In order to lead confidently, you must be reasonably sure that you are someone that others should follow. You must believe that the words you speak and ways you model are worth following if you are going to encourage others to imitate you. But this must be done with care and with a caveat.
If you are someone that people naturally follow there is always a temptation to conform them to your own image. But if we are merely seeking to enlist others into a clone army our domain we will soon become an evil empire, and all the usual totalitarian impulses will rise up in us. We become agitated that those we seek to control won’t get with our clearly delineated program. The ego inflates, the nose elevates, and the eyes can’t bear to look below.
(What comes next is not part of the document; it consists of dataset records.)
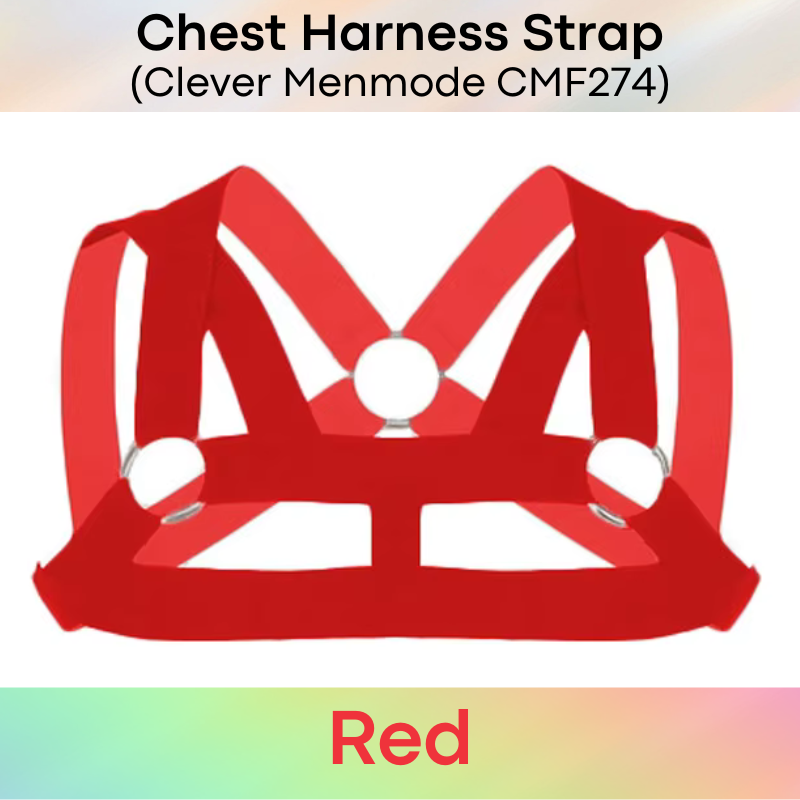 Men's Strap: Polyester Spandex Chest Harness Strap Underwear (CMF274)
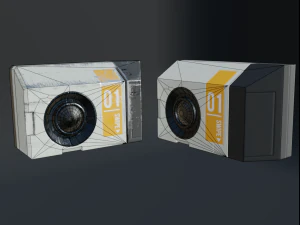 sci-fi keycard and scanner for doors 3D Model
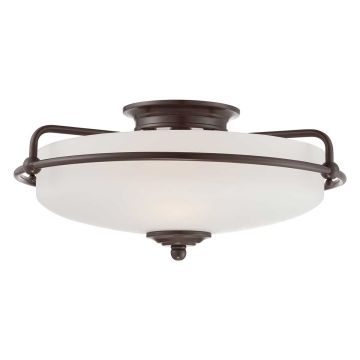 Quoizel Griffin QZ-GRIFFIN-F-PN plafon sufitowy 3x60W/E27  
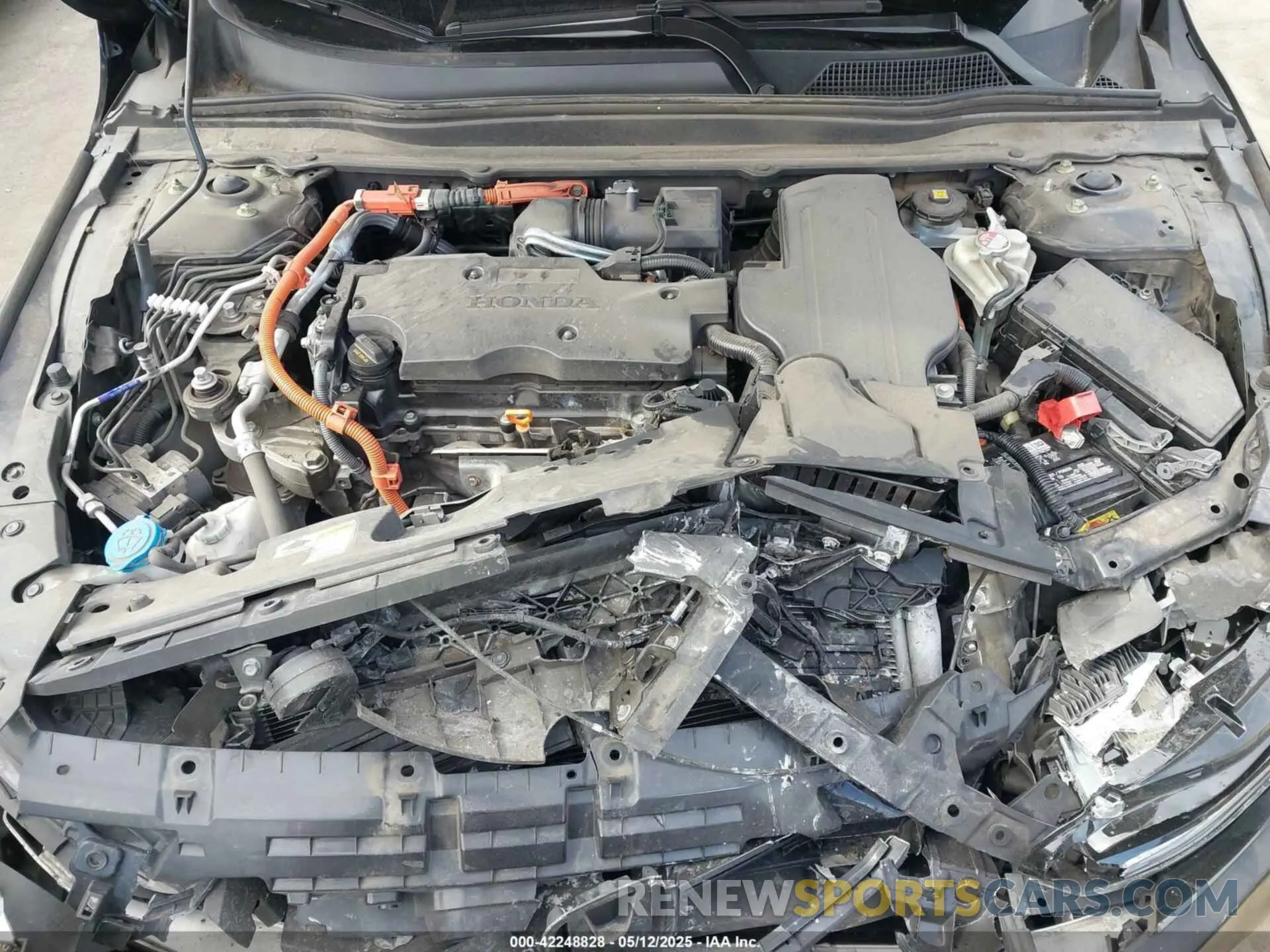 10 Photograph of a damaged car 1HGCV3F54MA015105 HONDA ACCORD 2021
“What is with these people, Lord? Why won’t they become more like me? Why can’t they see that my way is the best way? Don’t they see how balanced/godly/disciplined I am? How can they not want that for themselves?”
Like me, you have probably never said these things to God… out loud! But try saying them to yourself now and see if there isn’t a ring of truth to them. When we ask these questions of God and fail to see how foolish they are, pride stokes the furnace of ego and the fire of evil is not far off. In being frustrated with the lack in others we are reinforced in our impressions of our own superiority.
So there is a dark side to inviting people to imitate us. If we do not deny the temptation to become the focal point of people’s affections, we will end up doing a lot of damage – to them and to us. It is a risky course of action. But it is a risk we are commanded to take.
Inviting people to imitate us only goes badly when when we are the end point of their affections. More than once the Apostle Paul implores the people to whom he is writing, “Be imitators of me” (1 Cor. 4:16; Phil. 3:17). But this cuts two ways and it cuts fast. When we ask others to imitate those areas of our lives which are not conformed to the way of Christ, we lead them into nothing but sin.
Paul says imitate me, but with a caveat. “Be imitators of me, as I am of Christ” (1 Cor. 11:1) When we speak the caveat, we give permission to reject anything in us that doesn’t conform to that standard. If we do that we will have a chance at keeping the false god Ego in check. We kill that monster of ego with humility.
If you want to learn humility, opportunities are not in short supply. Simply submit to the path that God is pointing you down and begin to walk. Before long, your opportunities will come along.